In this section, the convergence will be discussed. We have conducted the experiments on 4DA (\(A\rightarrow D\)) and SS5 (\(B\rightarrow R\)), respectively. The convergence of our LSTN method is explored by observing the variation of the objective function. In the experiments, the number of iterations is set to be 150 for verification the convergence better. The variation of the objective function (\(Obj_{min}\)) and reconstruction loss function (\(Dst_{min}\)) are described in Fig. 4. It is clear that the objective function and reconstruction loss function decrease to a constant value after several iterations. By running the algorithm, on 4DA and SS5 tasks, respectively, we can observe the good convergence of LSTN.

6 Conclusion

In this paper, we show that one can achieve the effect of DA by combining both advantages of subspace learning and neural network. Specifically, a reconstruction-based transfer learning approach called LSTN is proposed. It offers a simple but effective solution for DA with ample scope for improvement. In the method, we embed features/pixels of source and target into reproducing kernel Hilbert space (RKHS), in which the high dimensional features are mapped to nonlinear latent subspace by feeding them into MLP network.

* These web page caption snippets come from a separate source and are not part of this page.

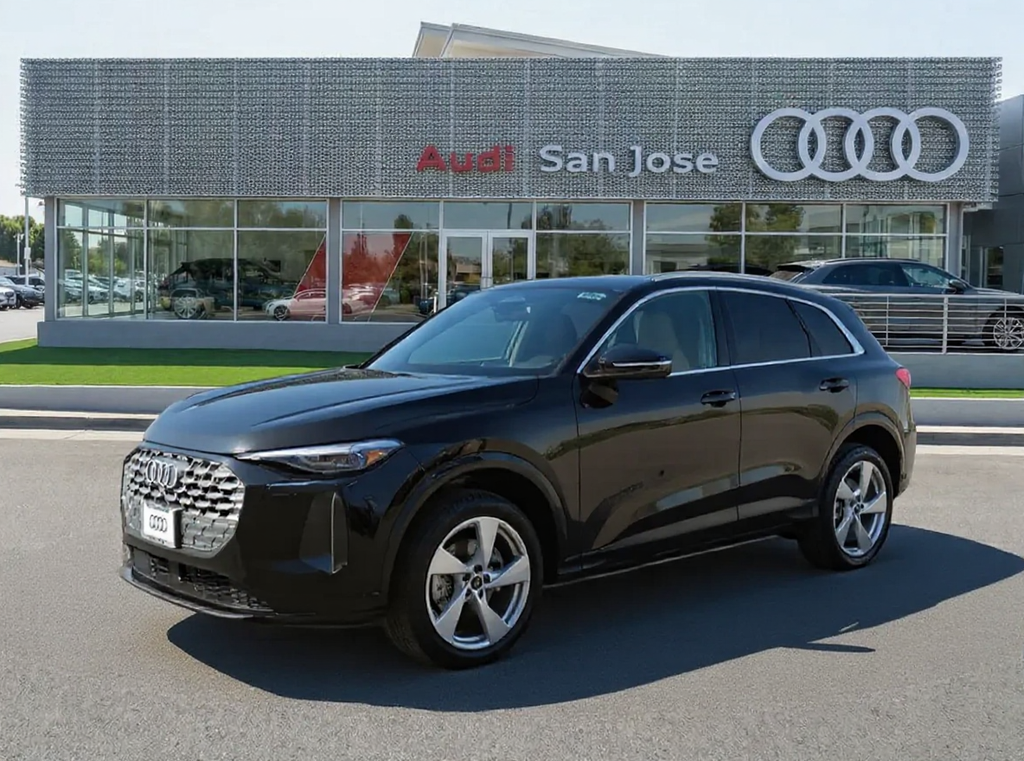 Thumbnail: 2025 Audi Q5 - 1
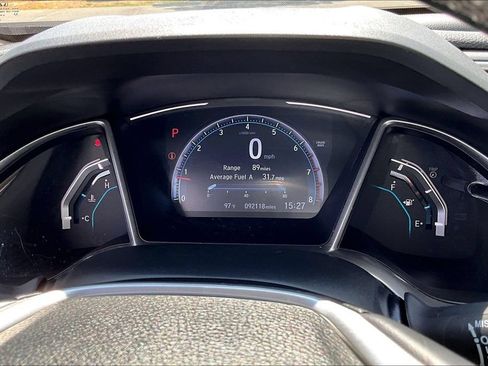 Used 2018 Honda Civic EX-L image 10
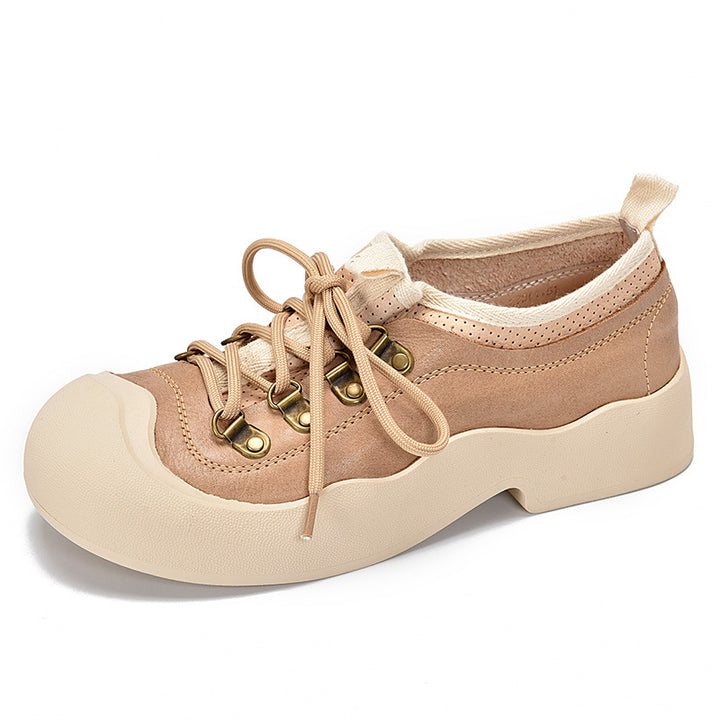 Dame Komfortable Plateau Sneakers med klassisk snørresystem og robust overmateriale Stilla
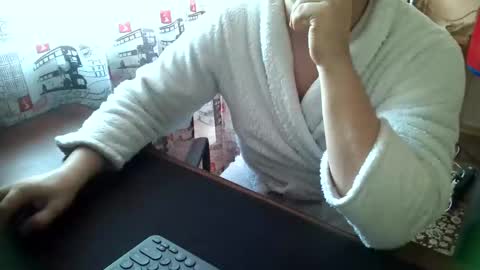 Tommi Li online show from January 12, 10:45 am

Leveraging the simple MLP, not only the layers can be optimized directly to avoid a pre-trained model which needs large-scale data, but also the adaptation behaviors can be achieved by joint learning a set of hierarchical nonlinear subspace representation and optimal reconstruction matrix simultaneously. Extensive experiments are conducted to justify our proposition in both effectiveness and efficiency. Results demonstrate that LSTN is applicable to small sample sizes, outperforms existing non-deep DA approaches, exhibits comparable accuracy against recent deep DA alternatives.